Count the occurrences of a given character set in a given text file with different combinations. This is used in my PhD researches.
let g = require('../index')
const n_combination = 1
const textIn = "textIn.txt"
const textOut = "textOut.txt"
const charSet = "abcdefg"
g.ngramma(n_combination,textIn,textOut,charSet,function(results, err){
// terminal/cmd/console output
// Map {
// 'a' => 29,
// 'b' => 3,
// 'c' => 16,
// 'd' => 19,
// 'e' => 38,
// 'f' => 3,
// 'g' => 3
// }
// file: textIn.txt
// Lorem ipsum dolor sit amet, consectetur adipisicing elit, sed do eiusmod
// tempor incididunt ut labore et dolore magna aliqua. Ut enim ad minim veniam,
// quis nostrud exercitation ullamco laboris nisi ut aliquip ex ea commodo
// consequat. Duis aute irure dolor in reprehenderit in voluptate velit esse
// cillum dolore eu fugiat nulla pariatur. Excepteur sint occaecat cupidatat non
// proident, sunt in culpa qui officia deserunt mollit anim id est laborum.
// file: textOut.txt
// a: 29,
// b: 3,
// c: 16,
// d: 19,
// e: 38,
// f: 3,
// g: 3
The logic is based on unigramma, bigramma and trigramma which is used in Gamma-Classifier researched by academic Usmanov Zafar Juraevich, Tajik Technical University. ( Гамма классификатор - академик Усманов Зафар Джураевич, ТТУ ).
Important points to note:
- The given text file is first cleaned from all other symbols EXCEPT letters.

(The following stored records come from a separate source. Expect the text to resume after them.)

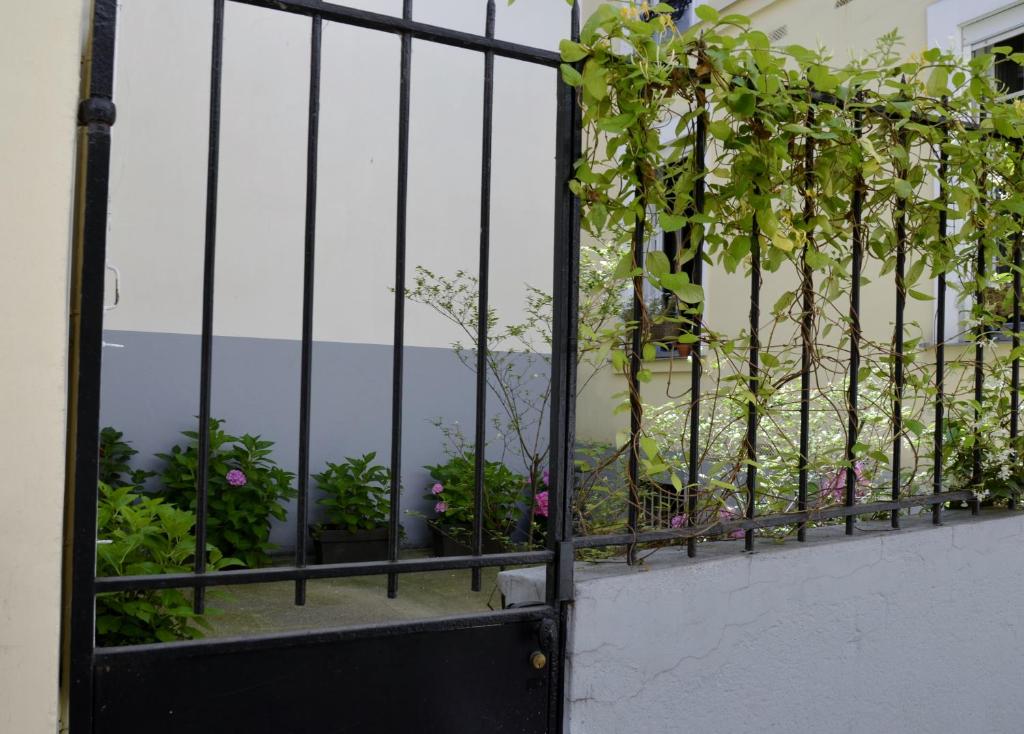 une porte noire avec des fleurs sur un balcon dans l'établissement La Cour du 5ème - Chambre d'hôtes, à Paris
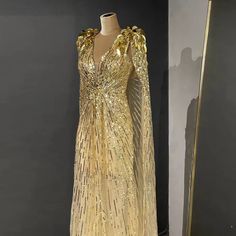 Golden Elegance: The gold hue exudes opulence and regal charm, ensuring you make a memorable and stylish statement. Sparkly Beaded Cape: The cape with sparkly bead embellishments adds a touch of glamour and sophistication, enhancing the gown's allure. Ideal for Wedding Parties: Tailored for wedding parties, ensuring you exude charm and grace amidst the celebration. Perfect for Formal Events: Equally fitting for various formal occasions, making it a versatile addition to your formal wardrobe. Lux Gold Beaded Dress, Beaded Cape, Alternative Bridal, High Fashion Outfits, Evening Dresses Short, Evening Dresses Plus Size, Ball Gowns Evening, Formal Party Dress, Wedding Parties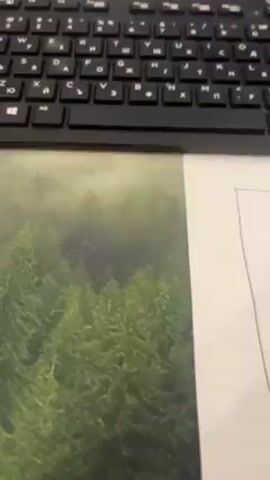 The video begins with a close-up of a black keyboard, a mousepad with a forest image, and a sheet of paper with some handwritten notes. The camera then pans up to show a computer monitor displaying a video editing interface. The camera shifts perspective and a young person wearing a black t-shirt with a red graphic is seen. They hold the camera in a selfie position, showing their face and then moving the camera downwards to display the desk setup again. The desk has various items, including pens, papers, and a calculator, arranged haphazardly. The video ends with the camera pointed towards the wall, briefly showing a colorful assortment of markers on a shelf.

- All words/letters in every line are concatenated to each other.
- Case insensive comparison is used.
- The new lines in the text are respected (paragraphs are not concatenated). Therefore, in bigramma/trigramma, the results may change with change in paragraphs (new lines, "Enters", paragraphs etc.) in the provided text file.
- Combination can be any integer from 1 to 10 BUT for higher combinations take care of RAM overloads.